[[ Task data, beginning ]]

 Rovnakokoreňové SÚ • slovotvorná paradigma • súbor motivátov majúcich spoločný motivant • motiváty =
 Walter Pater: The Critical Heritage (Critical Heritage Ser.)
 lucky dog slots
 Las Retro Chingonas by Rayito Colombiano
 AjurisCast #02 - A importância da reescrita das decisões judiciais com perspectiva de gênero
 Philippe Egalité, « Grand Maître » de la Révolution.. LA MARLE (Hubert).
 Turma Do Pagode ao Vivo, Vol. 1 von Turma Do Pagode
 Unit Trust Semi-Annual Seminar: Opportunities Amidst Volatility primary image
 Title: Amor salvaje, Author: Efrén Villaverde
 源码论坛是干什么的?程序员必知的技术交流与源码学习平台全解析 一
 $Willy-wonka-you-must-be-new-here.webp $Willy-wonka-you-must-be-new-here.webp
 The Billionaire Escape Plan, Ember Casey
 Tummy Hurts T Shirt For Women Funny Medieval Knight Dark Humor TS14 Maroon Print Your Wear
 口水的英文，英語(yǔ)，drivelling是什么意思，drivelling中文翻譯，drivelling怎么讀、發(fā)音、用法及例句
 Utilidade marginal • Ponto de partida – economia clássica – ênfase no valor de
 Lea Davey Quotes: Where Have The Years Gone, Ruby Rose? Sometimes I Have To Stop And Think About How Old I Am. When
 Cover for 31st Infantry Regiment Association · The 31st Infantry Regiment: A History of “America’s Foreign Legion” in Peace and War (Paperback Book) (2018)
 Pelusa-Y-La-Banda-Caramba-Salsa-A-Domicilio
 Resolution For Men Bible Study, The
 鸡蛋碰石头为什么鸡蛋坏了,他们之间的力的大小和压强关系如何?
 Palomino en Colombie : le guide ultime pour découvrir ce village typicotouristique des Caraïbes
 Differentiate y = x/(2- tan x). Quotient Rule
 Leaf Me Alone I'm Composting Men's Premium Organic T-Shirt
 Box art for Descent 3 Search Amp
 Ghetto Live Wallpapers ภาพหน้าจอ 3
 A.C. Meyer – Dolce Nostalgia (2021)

[[ Task data, end ]]

- _How to complete this task_
Pull out all lines from the entries above in which the word "Shirt" appears.

- _Response below_
 Tummy Hurts T Shirt For Women Funny Medieval Knight Dark Humor TS14 Maroon Print Your Wear
 Leaf Me Alone I'm Composting Men's Premium Organic T-Shirt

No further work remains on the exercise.